(Image-caption web data)
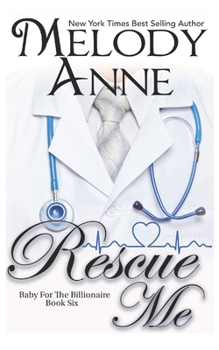Paperback Rescue Me (Baby for the Billionaire, Book 6) Book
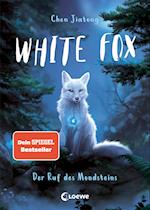 White Fox (Band 1) - Der Ruf des Mondsteins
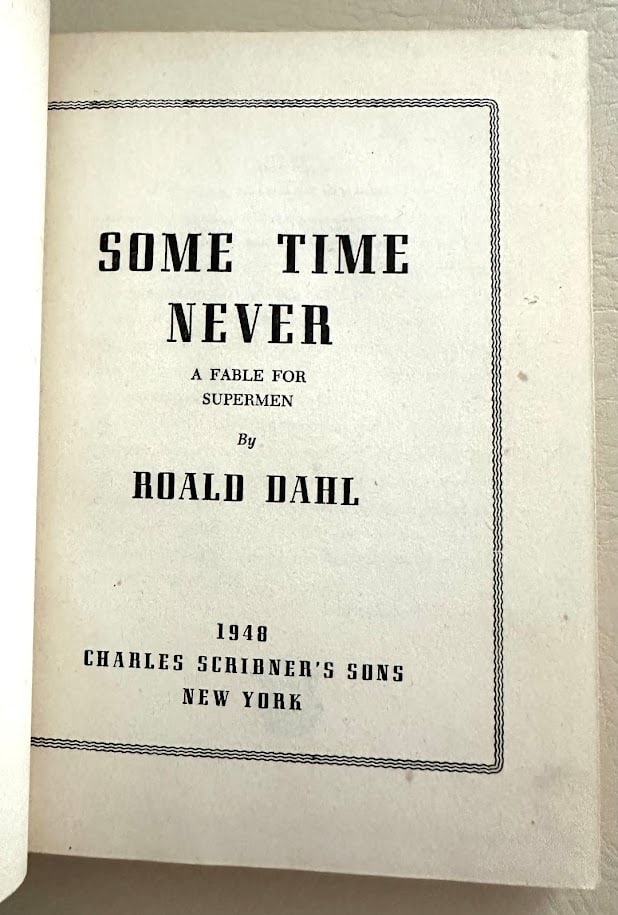Roald Dahl. Some Time Never. A Fable for Supermen. First novel (1 of 2)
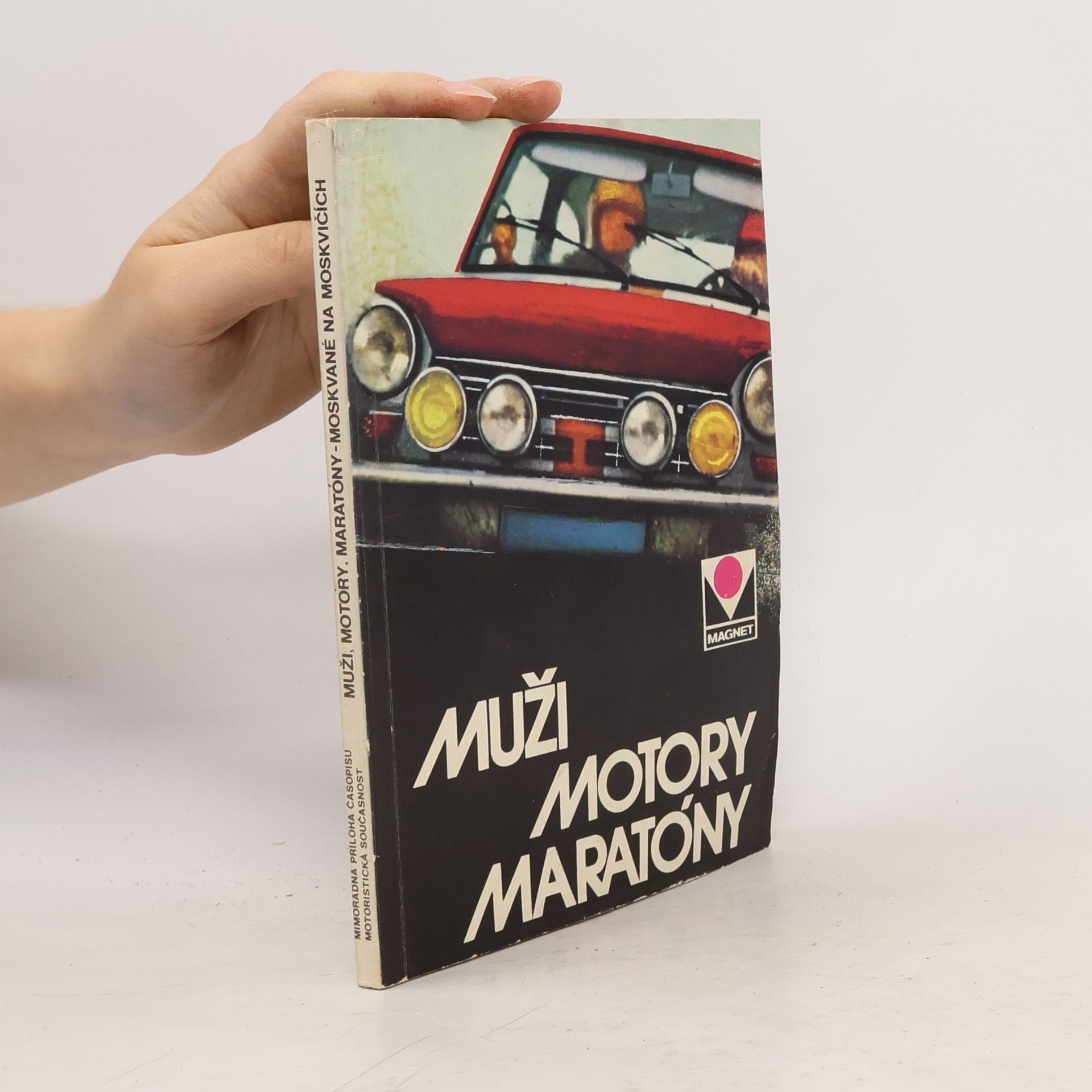 Kolektiv autorů Muži, motory, maratóny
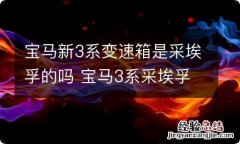 宝马新3系变速箱是采埃孚的吗 宝马3系采埃孚变速箱型号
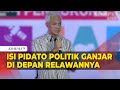 [FULL] Pidato Politik Ganjar Pranowo di Depan Relawan, Singgung Situasi Politik Jelang Pilpres 2024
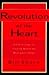 Revolution of the Heart by Bill Shore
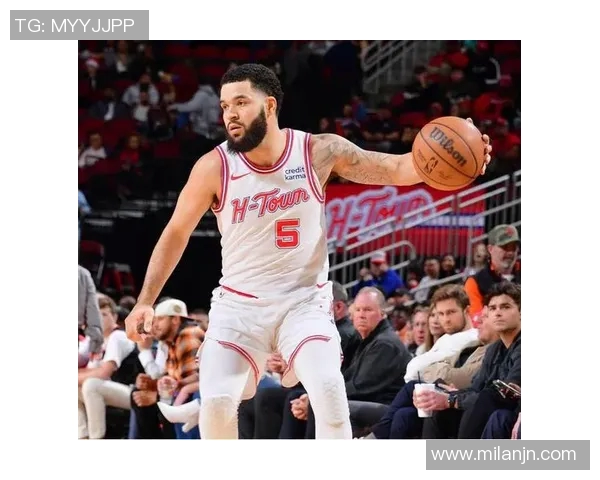 火箭队进攻乏力令人怀念范弗里特的关键作用与影响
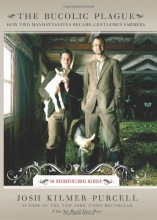 Cover art for The Bucolic Plague: How Two Manhattanites Became Gentlemen Farmers: An Unconventional Memoir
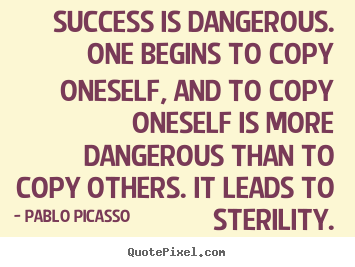 Pablo Picasso photo quotes - Success is dangerous. one begins to copy oneself, and to copy oneself.. - Success quotes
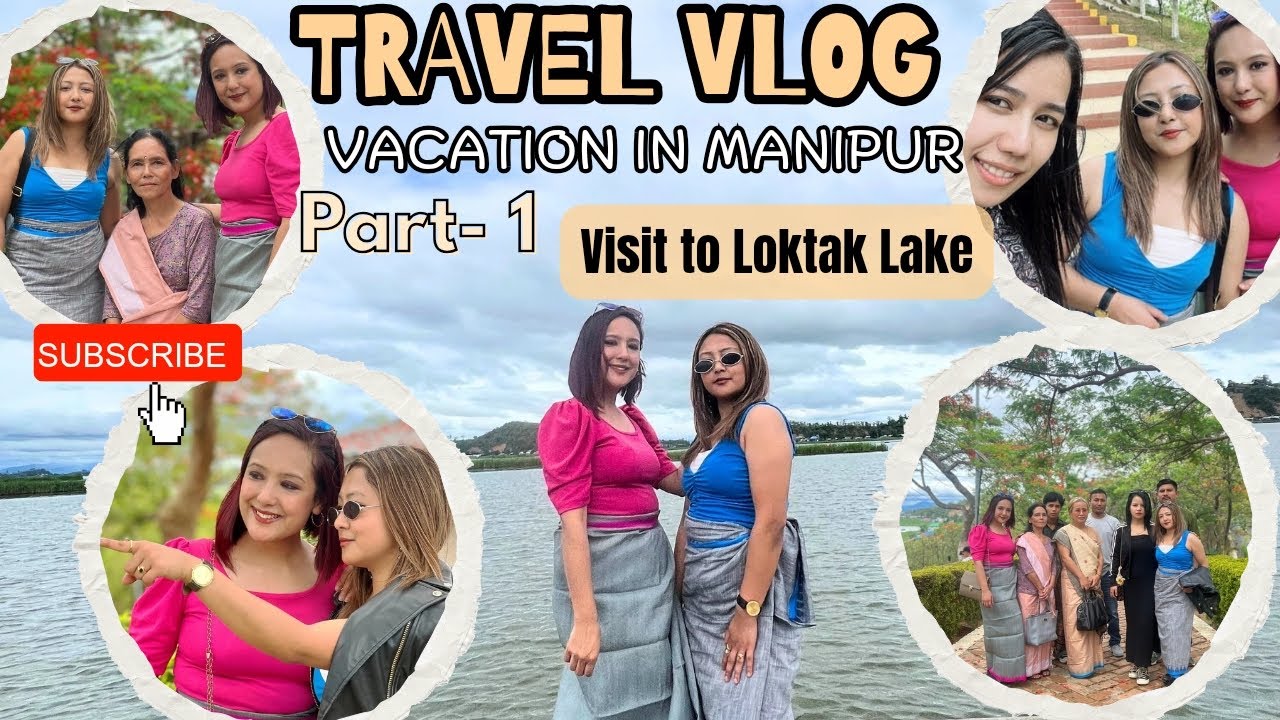 Loktak Lake Manipur India - Travel Vlog (part-1)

**Problem description**. Exactly as written, repeat the lines from the beginning of the entries up to and including the line with "Cover art for", but not the pictures.

**Exercise response**.
Paperback Rescue Me (Baby for the Billionaire, Book 6) Book
 White Fox (Band 1) - Der Ruf des Mondsteins
Roald Dahl. Some Time Never. A Fable for Supermen. First novel (1 of 2)
 Kolektiv autorů Muži, motory, maratóny
 宝马新3系变速箱是采埃孚的吗 宝马3系采埃孚变速箱型号
 [FULL] Pidato Politik Ganjar Pranowo di Depan Relawan, Singgung Situasi Politik Jelang Pilpres 2024
 Revolution of the Heart by Bill Shore
 火箭队进攻乏力令人怀念范弗里特的关键作用与影响
 Cover art for The Bucolic Plague: How Two Manhattanites Became Gentlemen Farmers: An Unconventional Memoir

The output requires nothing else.